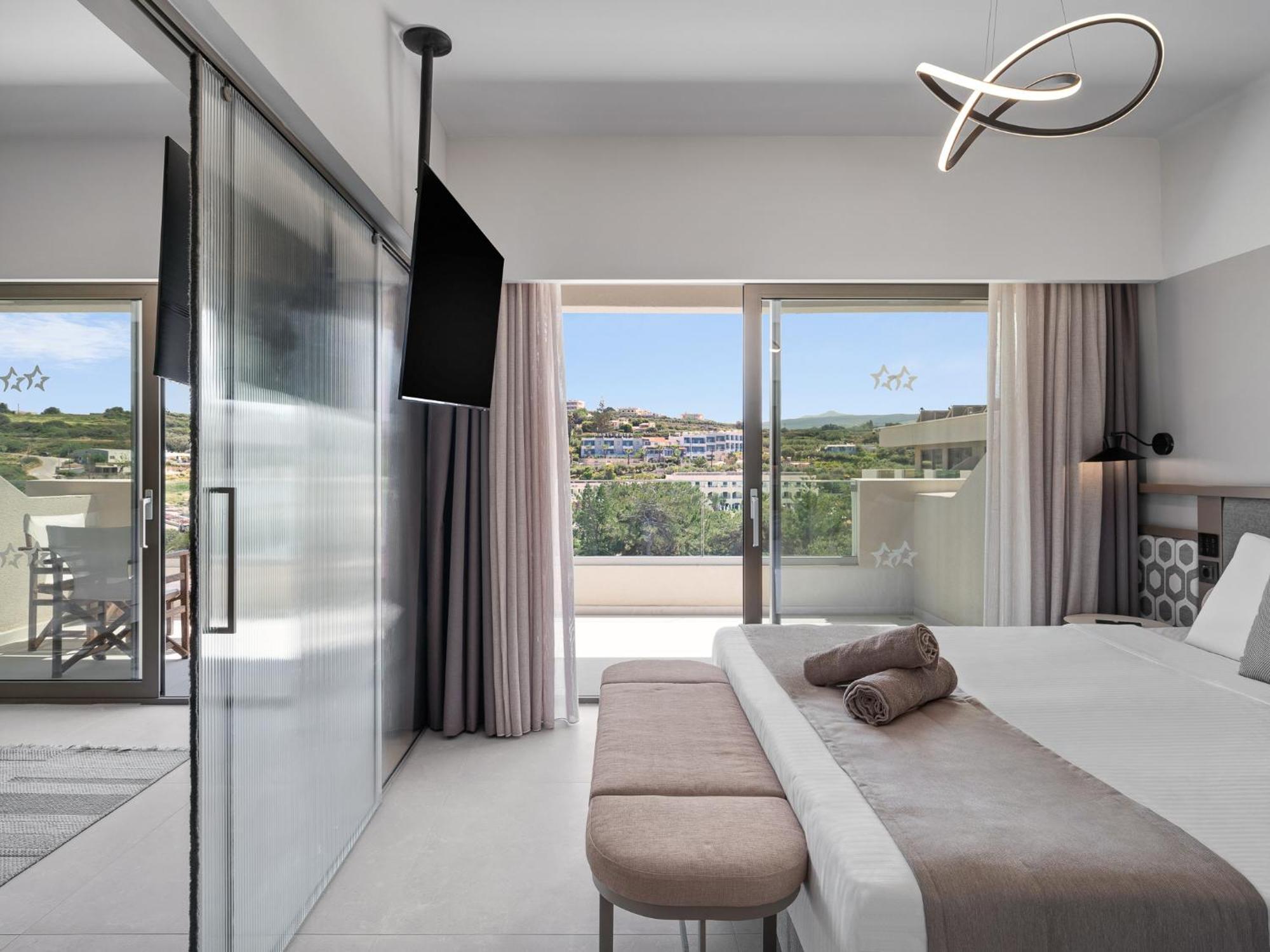 Creta Star Hotel - Adults Only Skaleta Exterior foto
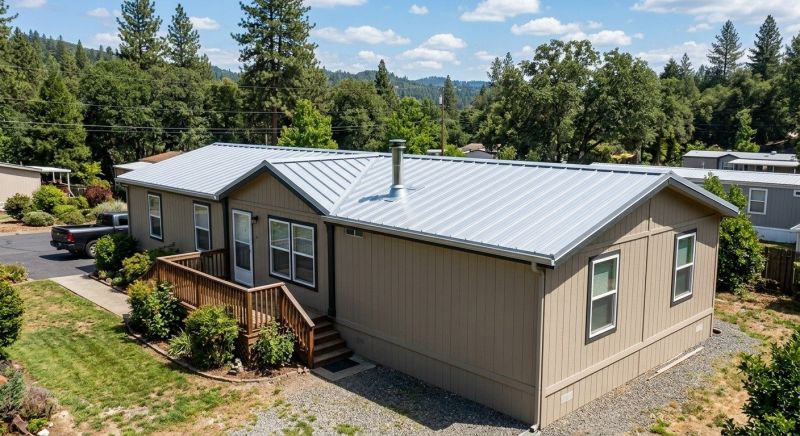 Aluminum Roof Replacement in Lewes, DE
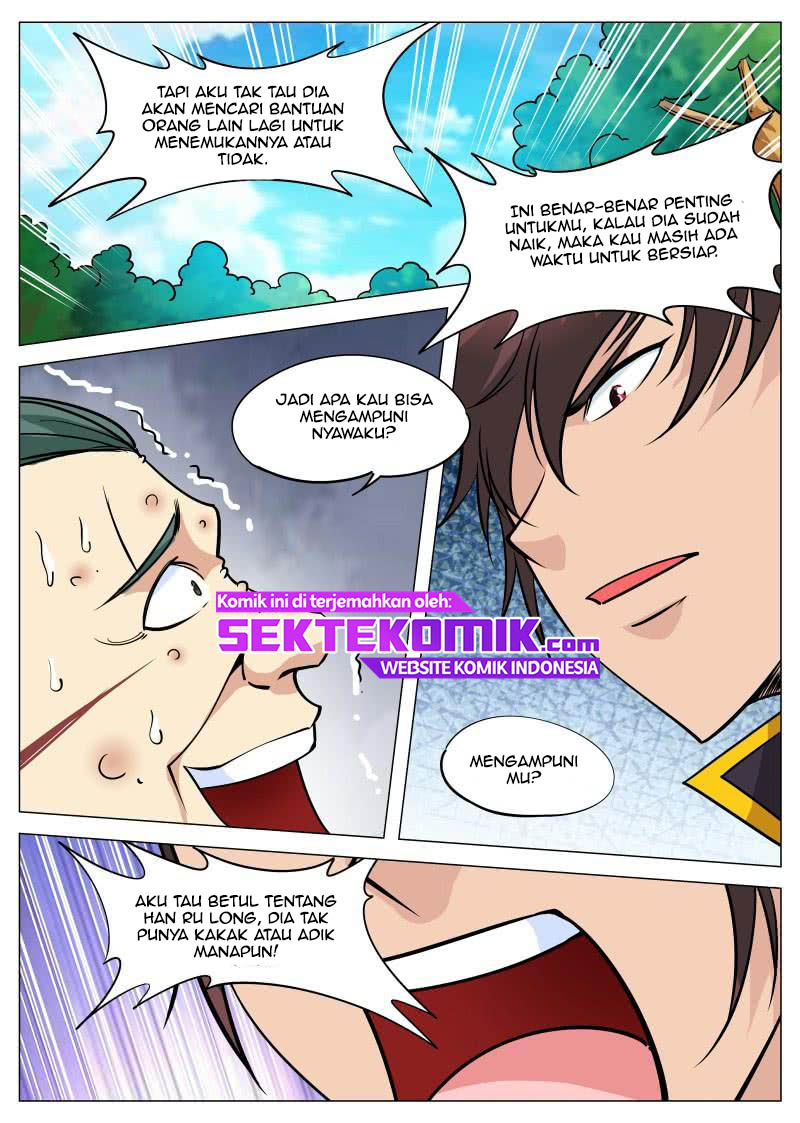 Greatest Sword Immortal Chapter 81 Gambar 9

§ **EXERCISE**:
Please print all the lines above exactly as given and leave out every picture.

§ **ANSWER BOX**:
 Creta Star Hotel - Adults Only Skaleta Exterior foto
 Aluminum Roof Replacement in Lewes, DE
 Greatest Sword Immortal Chapter 81 Gambar 9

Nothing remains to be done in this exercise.